[PROBLEM REQUIREMENTS]
All entries are to be reproduced exactly; the pictures are to be omitted.

++++++++

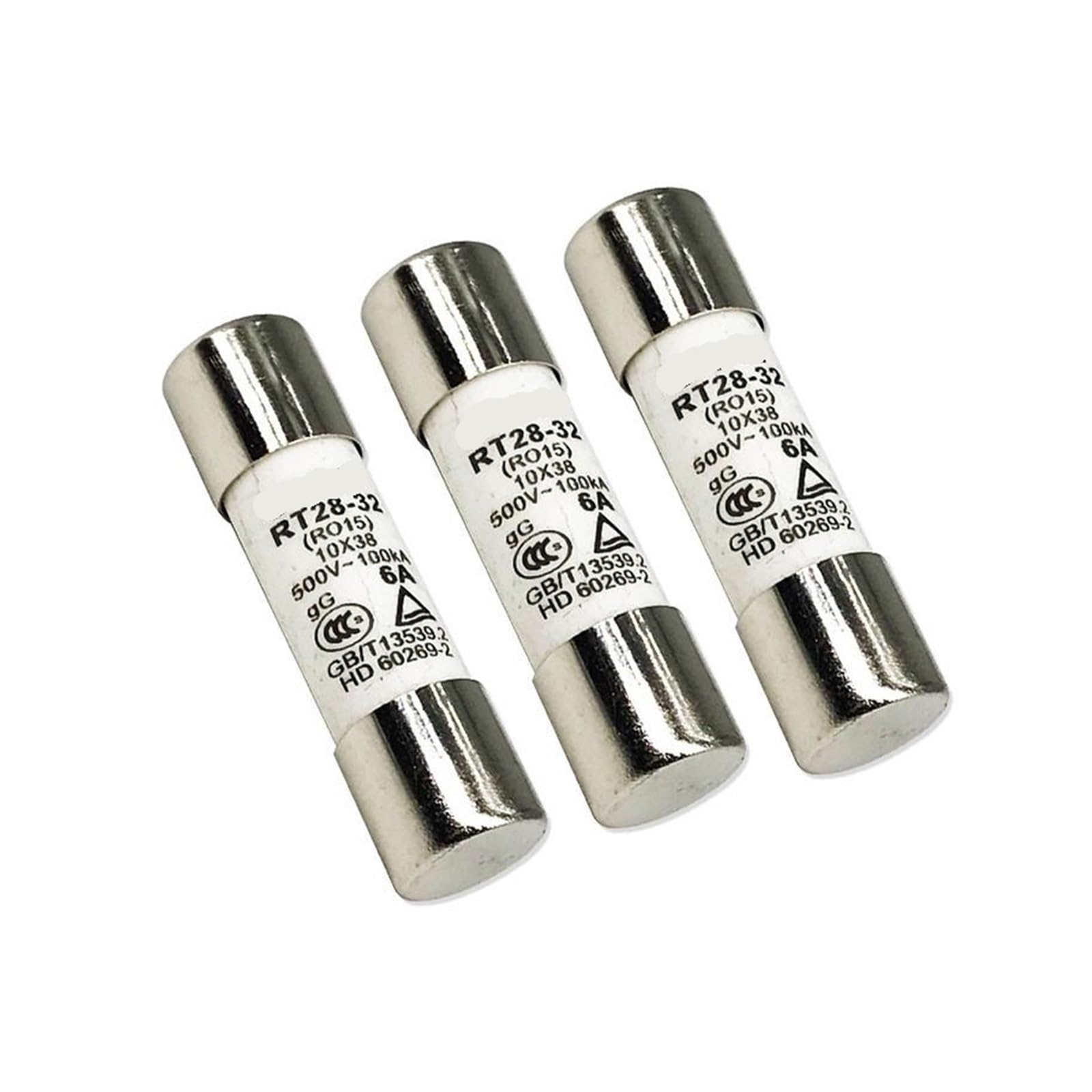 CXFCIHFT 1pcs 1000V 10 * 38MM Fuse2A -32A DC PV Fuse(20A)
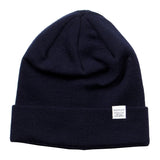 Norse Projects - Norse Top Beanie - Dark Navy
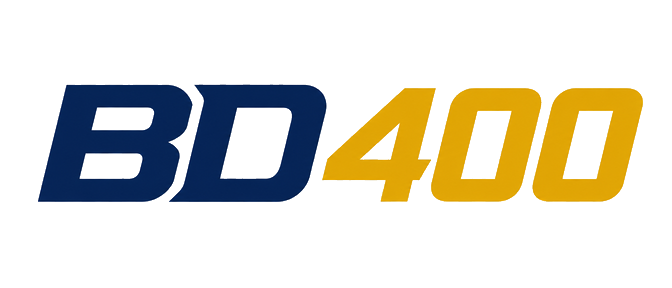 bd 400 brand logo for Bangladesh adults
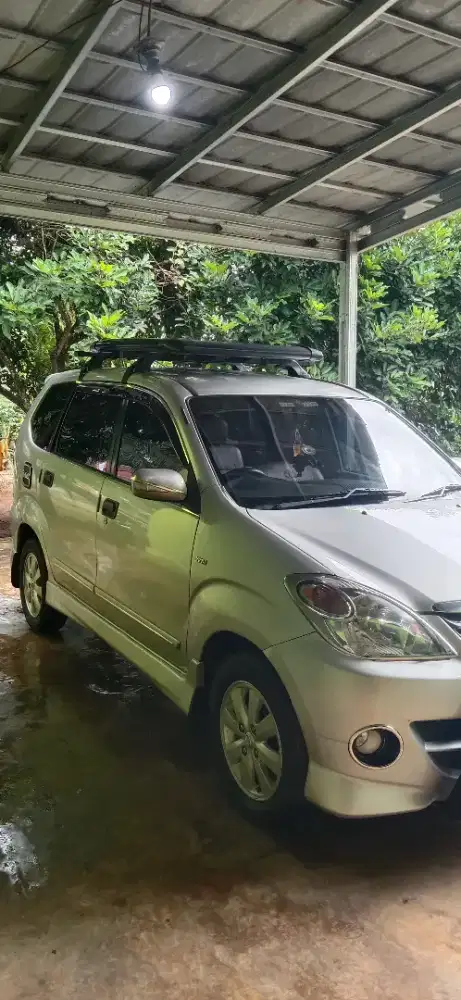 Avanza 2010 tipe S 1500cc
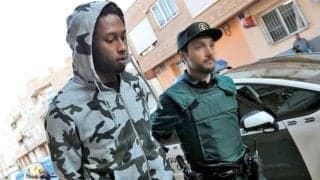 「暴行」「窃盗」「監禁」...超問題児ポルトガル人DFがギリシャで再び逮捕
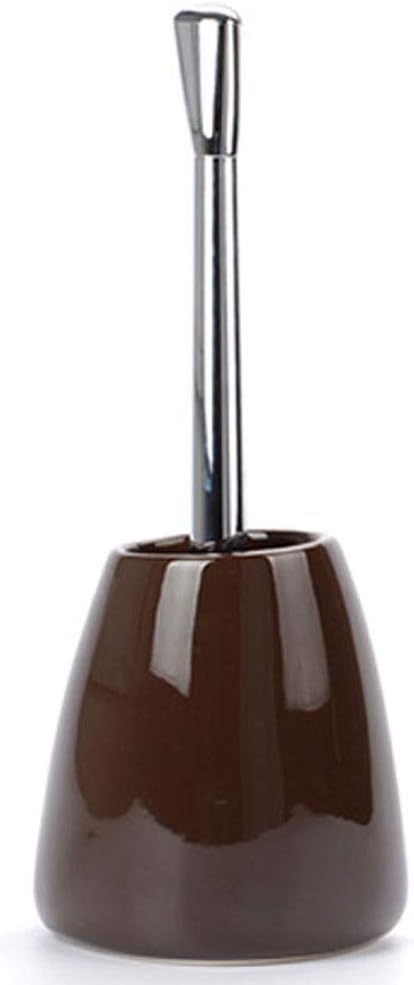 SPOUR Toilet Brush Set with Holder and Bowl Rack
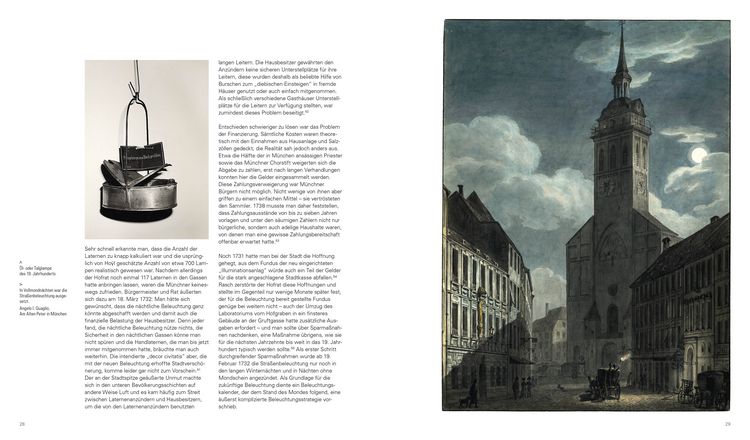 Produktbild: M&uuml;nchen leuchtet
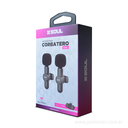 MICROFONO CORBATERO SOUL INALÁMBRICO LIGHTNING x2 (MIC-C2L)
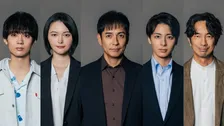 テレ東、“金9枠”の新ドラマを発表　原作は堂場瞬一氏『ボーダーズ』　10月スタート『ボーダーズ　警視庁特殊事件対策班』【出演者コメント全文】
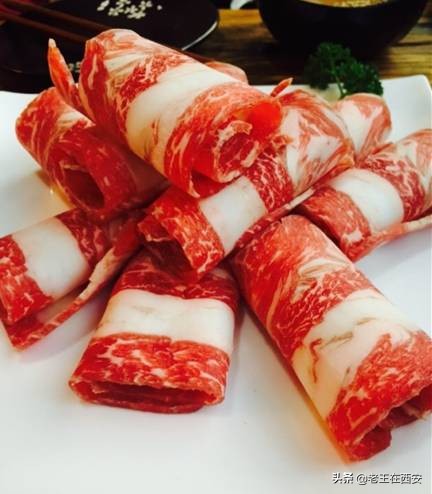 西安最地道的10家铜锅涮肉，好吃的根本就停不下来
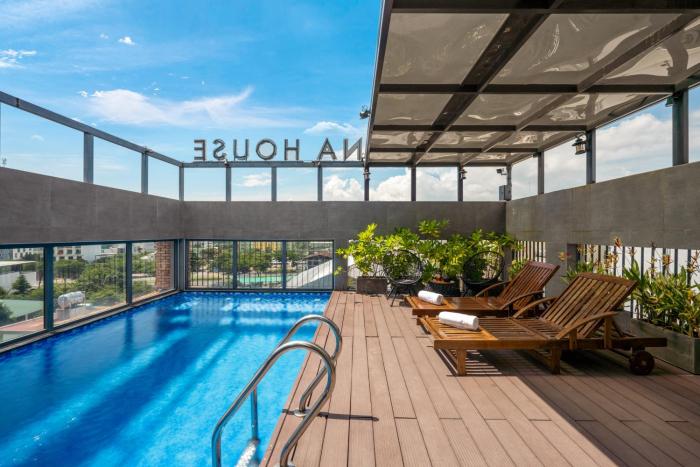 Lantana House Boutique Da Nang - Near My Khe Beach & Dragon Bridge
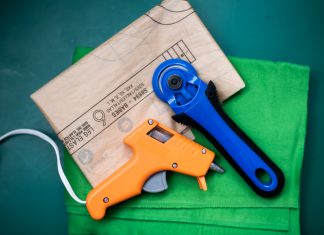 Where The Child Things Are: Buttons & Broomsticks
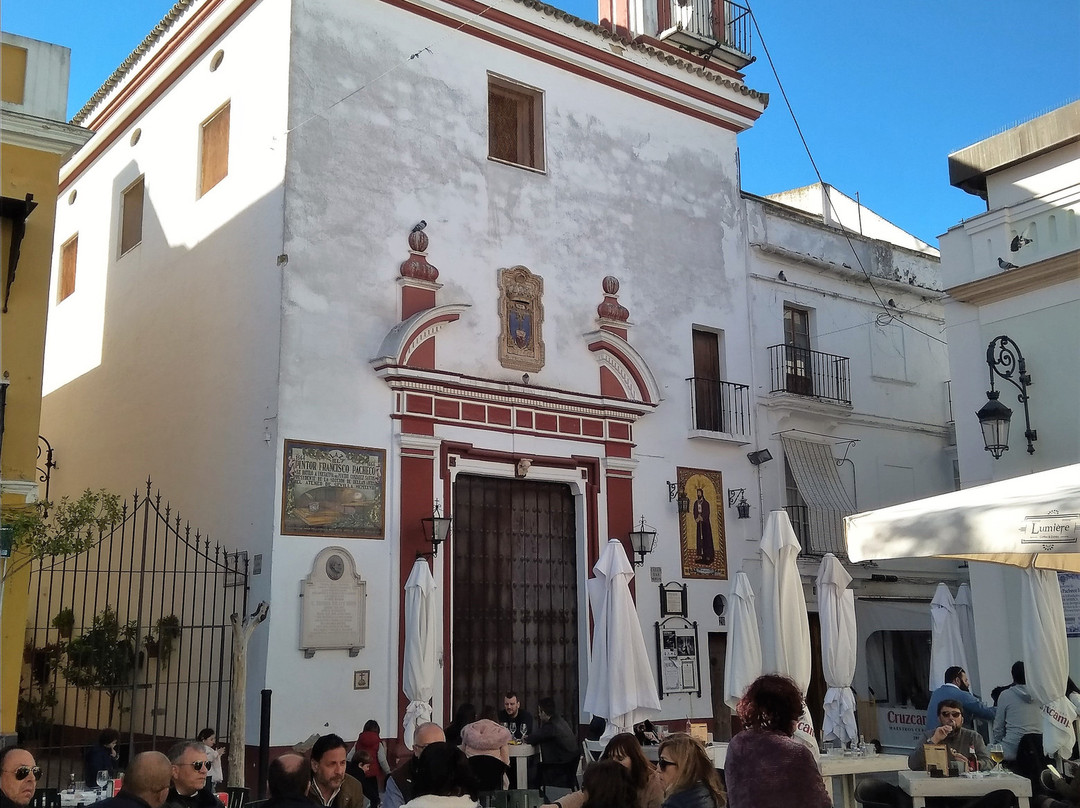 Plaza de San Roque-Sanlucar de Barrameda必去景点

++++++++

[SOLUTION FOR THIS EXERCISE]
 CXFCIHFT 1pcs 1000V 10 * 38MM Fuse2A -32A DC PV Fuse(20A)
 Norse Projects - Norse Top Beanie - Dark Navy
 bd 400 brand logo for Bangladesh adults
 Avanza 2010 tipe S 1500cc
 「暴行」「窃盗」「監禁」...超問題児ポルトガル人DFがギリシャで再び逮捕
 SPOUR Toilet Brush Set with Holder and Bowl Rack
 Produktbild: M&uuml;nchen leuchtet
 MICROFONO CORBATERO SOUL INALÁMBRICO LIGHTNING x2 (MIC-C2L)
 テレ東、“金9枠”の新ドラマを発表　原作は堂場瞬一氏『ボーダーズ』　10月スタート『ボーダーズ　警視庁特殊事件対策班』【出演者コメント全文】
 西安最地道的10家铜锅涮肉，好吃的根本就停不下来
 Lantana House Boutique Da Nang - Near My Khe Beach & Dragon Bridge
 Where The Child Things Are: Buttons & Broomsticks
 Plaza de San Roque-Sanlucar de Barrameda必去景点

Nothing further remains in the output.